C'est ma deuxième année dans ce lycée et j'appréhende terriblement cette rentrée.

En fait, ici, on se voit assigner un.e partenaire au début de l'année, le but étant de s'entraider pour les devoirs et de faciliter les rencontres pour les nouveaux.

L'année dernière, je suis tombé sur un certain Lovecraft. Un gars vraiment étrange, toujours un peu perdu, qui ne m'a pas aidé le moins du monde.

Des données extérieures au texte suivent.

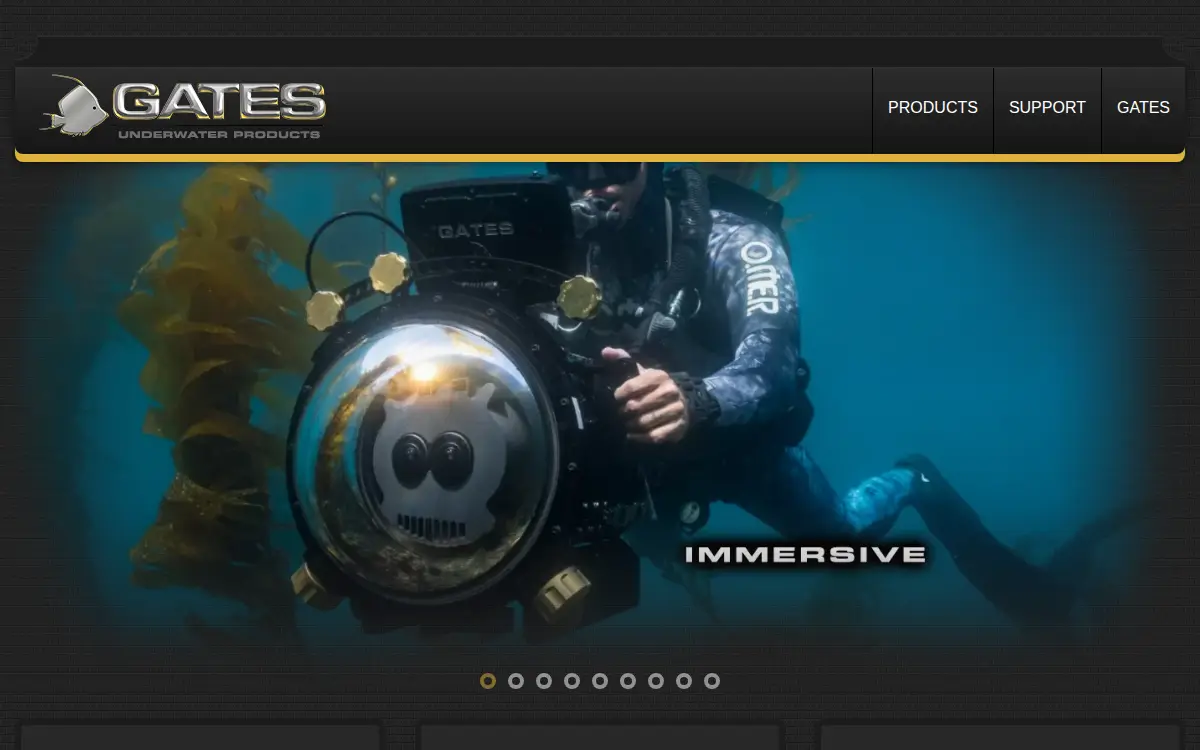 Homepage of Gates Underwater Products, INC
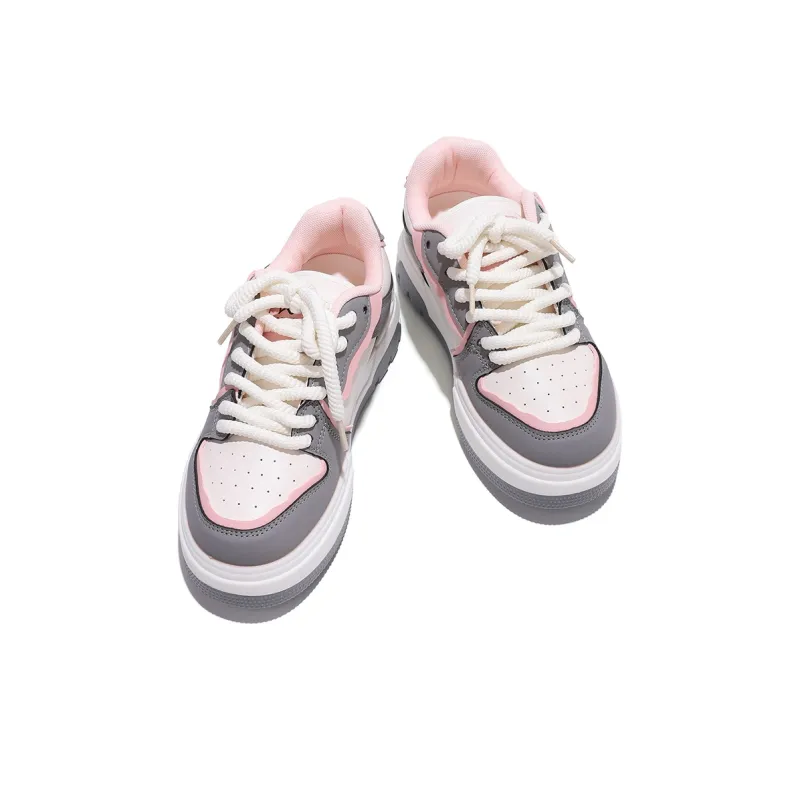 MIIOW Trend Party Series Coverage Wear Resistant Height Increasing Low Top Skateboard Shoes Women's-9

J'espère que je m'entendrai mieux avec celui de cette année.

J'avale en vitesse mon petit déjeuner. Hors de question d'être en retard dès le premier jour.

- Chûûuuyaaaaa ! Tachi dit que mon uniforme est moche !

Je soupire en me tournant vers ma petite sœur. Elle entre en école primaire aujourd'hui, et mon frère plus âgé n'a pas pu s'empêcher de l'embêter.

- Tu es magnifique, ne t'en fais pas, je réponds sur un ton rassurant. Tachihara raconte toujours n'importe quoi.

Ma sœur sourit, ravie. Je l'aide à ajuster sa veste et à mettre ses chaussures. Je n'ai pas pu finir mon petit déjeuner, mais tant pis.

Ma mère court dans toute la maison, cherchant ses affaires et rassemblant tout le monde pour partir. Avoir quatre enfants n'est pas toujours facile.

Enfin, tout le monde est prêt à partir. Ma mère nous dépose, Tachihara et moi, devant l'arrêt de bus, puis se dépêche de repartir pour emmener les filles.

On attend en silence avec une dizaine d'autres personnes, puis une fois dans le bus, on cherche désespérément où s'asseoir. Je trouve une place près d'une ancienne connaissance, et Tachihara, qui s'y est vraiment mal pris, reste debout.

Après un quart d'heure de trajet, je passe le portail et me dirige directement vers le hall où sont affichées les listes. Je suis en Première A, et je repère les noms de plusieurs connaissances dans la liste. Déjà une bonne nouvelle.

Ensuite, je cherche la liste des partenaires de ma classe, et suis les lignes jusqu'à trouver le nom inscrit à côté du mien.

Osamu Dazai.

Je le connais pas. J'ai hâte de voir si on s'entendra bien...

On retrouve quelques amis de l'année dernière et échange avec eux les nouvelles de l'été. Akutagawa n'est pas sorti de chez lui, Atsushi s'est cassé une jambe en glissant dans sa douche, ce qui lui vaut de passer la rentrée avec des béquilles, et Gin reste silencieuse, comme toujours, hochant simplement la tête quand on lui demande si elle va bien.

À la sonnerie, on se dirige vers la salle qui était indiquée sur notre liste, puis on s'installe en attendant l'arrivée de notre prof principal. Je m'assieds vers le fond et attends de voir arriver mon partenaire en passant le temps sur mon portable.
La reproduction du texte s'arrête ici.